MikeH= who is your dad and wheres he out of?

also camcinto= give me a call some time and I can give you some pointers to help you land a nice one for this year. Mike 316-0869


----------



## CH-47 DR. (Aug 11, 2009)

I used a bait casting reel w/ a size 10 treble hook,cast over it's back,reel up to it,set hook,hold on for awhile.Make sure drag is set so it will have some running room till it tires out.I made a harpoon like they sell at the class you go to,but I did buy a tip for it at the class.We recorded the hunt & had a good time.I did not get a tag or alternate this year.Good Luck


----------



## Corky (Feb 18, 2010)

You might get ahold of Tiger (TNT Gators' Home Page). He was the nuisance gator trapper for the western panhandle in Florida until he gave it up this year. He has guided for the Alabama public hunt a few times now & always gets his folks into the top 2 or 3 gators state-wide. He can show you how it is done & has all the gear. Muzzy has a gator getter kit for bows with a reel setup & nylon line, but for the ultimate adrenalin rush, he grunts them in with a **** light & a harpoon pole & you stick them when they are 8-10 feet from the boat & then play them like a fish. You want to talk about excitement, I've been in the boat with him when he was guiding professional big game hunters who were shaking like a kid seeing their first big buck in the crosshairs when he put them on a really big gator. You guys have some MASSIVE bull gators over in the Tensaw & Yellow river area that I would love to get a shot at.

Corky


----------



## Fairwaterfishing (Mar 17, 2009)

I can vouch for Tiger Godwin. I have known him for years from when I was in high school up in Jay, hes good people. 2 years ago we used him to guide for us when we got a tag, he really makes it look easy, in less than 5 hours we had a gator over 12 feet dead in his boat 486 pounds i think. Last year we did it on our own to say the least it didnt go near as smooth as the year before, on night 3 after several miss shots with a cross bow and numerous screw ups we finally hooked into a very good gator and fought him on rod and reel for 5 hours, put a harpoon in him, shot him in the head and the harpoon tip came out and the gator sank to the bottom. We screwed up when the gator was near the boat and put way too much pressure on him. I guess we didnt learn all of Tigers tips from the year before. Oh yea 3 days later the gator floated up 13 feet long, and we got the head. The smell of a 3 day old gator well you could smell it before you seen it. Still it was a damn nice one. This year my wife got a tag and we are not trophy hunting this year, we are going for a 8 to 10 footer, good eating size and taking it to the house.


----------



## mullet slayer (Aug 5, 2009)

A lil' late to the thread..










Here's my crossbow w/ an AMS retriever(strong enough to retrieve arrows not big prey). These retrievers are pricey but make life much easier for the average bow angler, especially when it's on a traditional bow or compound and you're on lots of fish. 

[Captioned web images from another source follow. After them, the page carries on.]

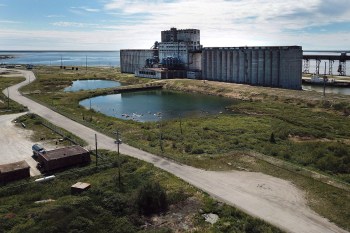 The closed rail line and Port of Churchill in Churchill, Man., Tuesday, July 3, 2018. THE CANADIAN PRESS/John Woods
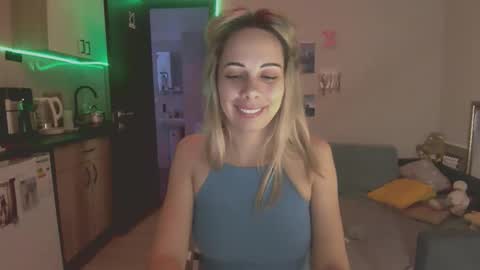 Snapshot of lady_smile69 chatting on September 21, 2025, 4:08 pm lady_smile69 online show from September 21, 2025, 4:08 pm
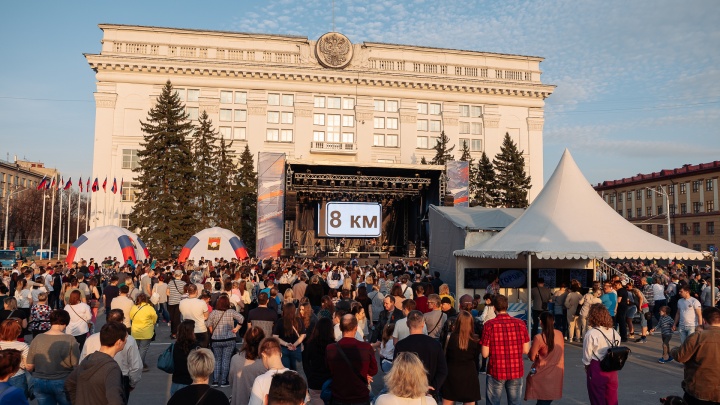 На концерт известных рок-групп в Кемерове пришли 10 тысяч человек: фоторепортаж, как это было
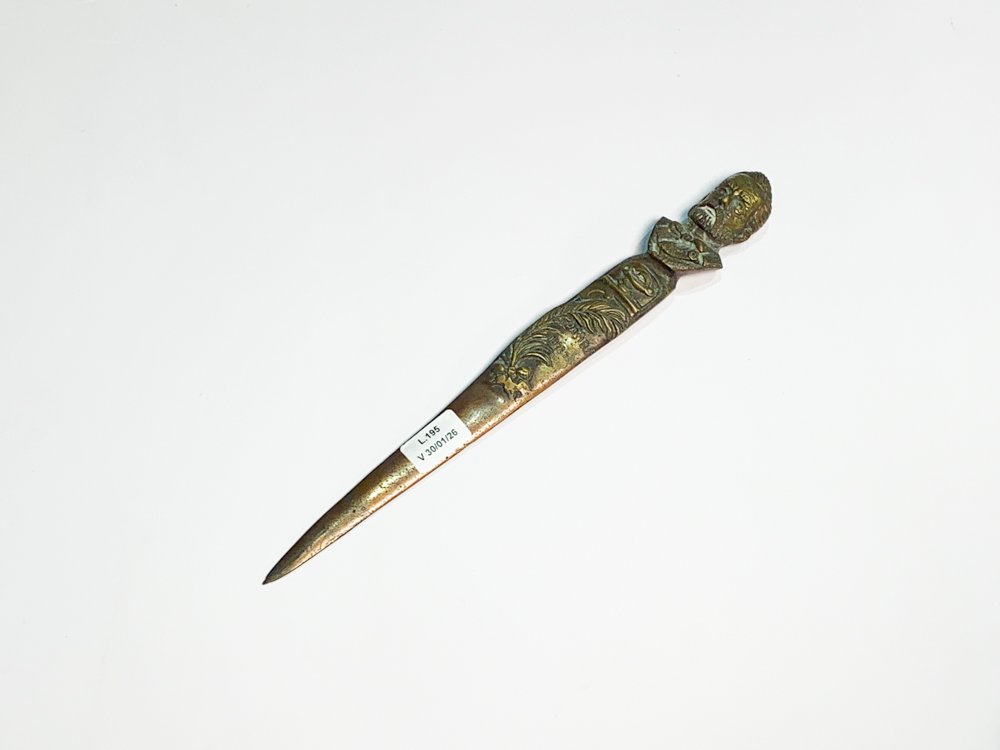 Lote anterior: Abrecartas en bronce con busto de Pasteur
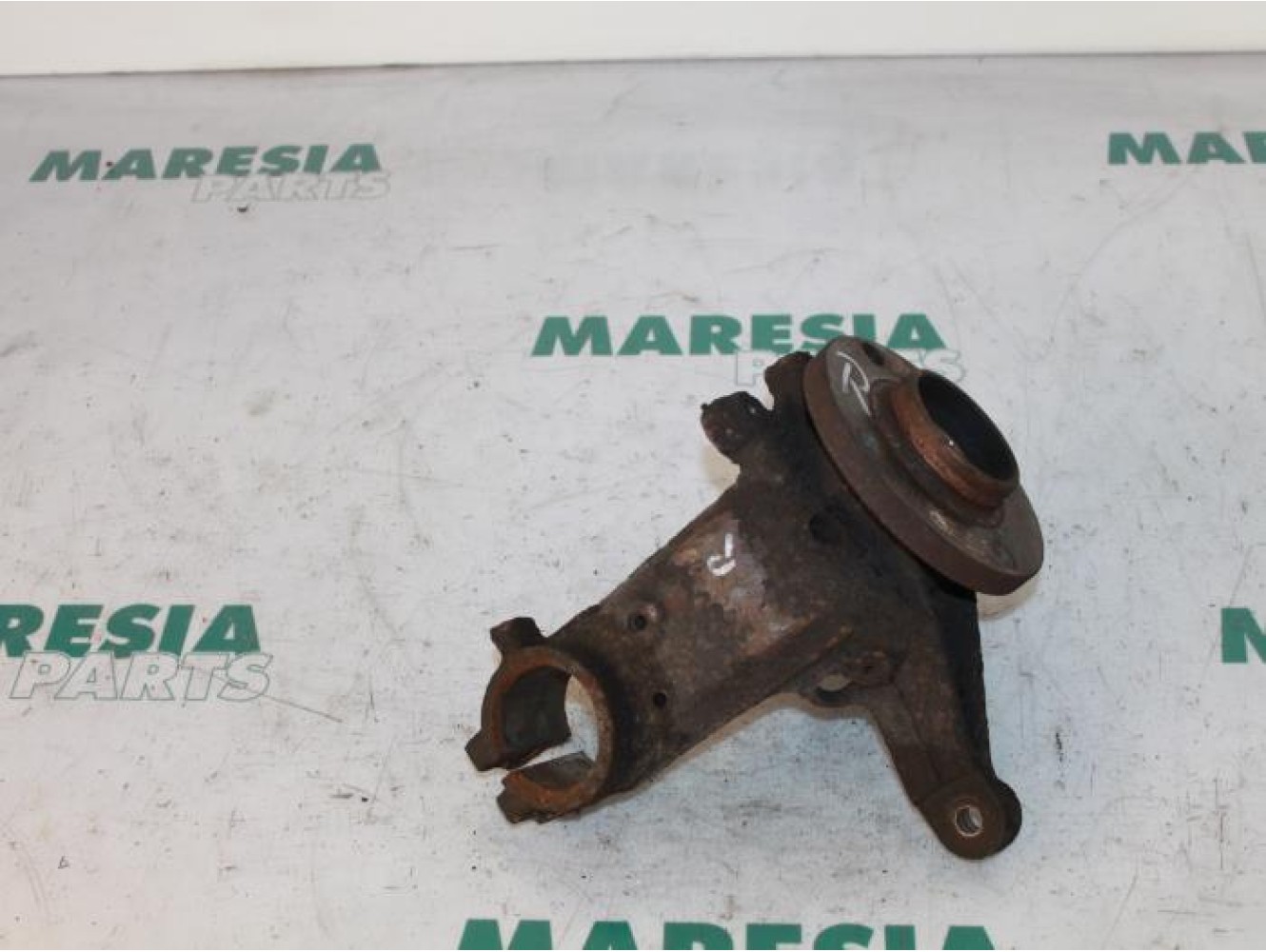 Peugeot - 206 - Knuckle, front right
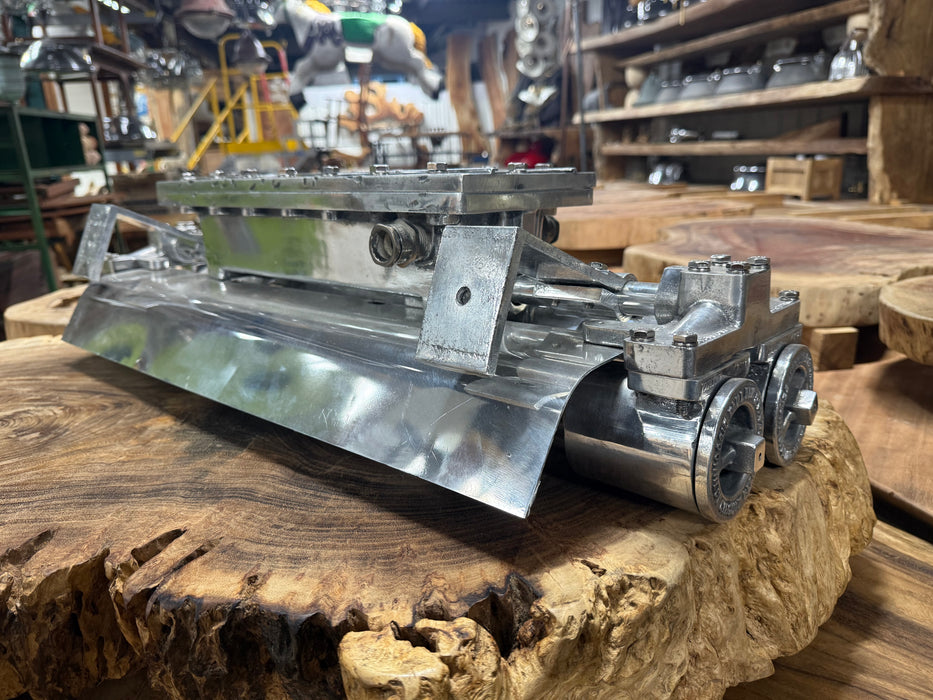 Salvaged Pauluhn Aluminum 2 Foot Double Tube Light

Fiberglass arrows/bolts are for water depth penetration, and most guys use a gator specific breakaway harpoon tip so the death roll doesn't destroy the gear.

Advantages to using a crossbow are long distance and nice penetration.


----------



## Bone Yard (Feb 2, 2009)

I have six 10 foot and better under my belt. You need 200ft of 1/4 inch braided nylon, a 4 1/2 circunfrance dowl rod cut 2 inches long, and a deer shoulder, and cow lung. Gets um every time. here's a couple we took this past season.


----------



## gatorkiller (Apr 16, 2011)

wow you use a big dowel i only use 1 inch. i say the best way to get the big ones are to snatch hook them. Thats seems to get the biggest ones. I do a lot baiting and you end up losing a lot of them. You can spend hours going thru trres and weeds only to find nothing.


----------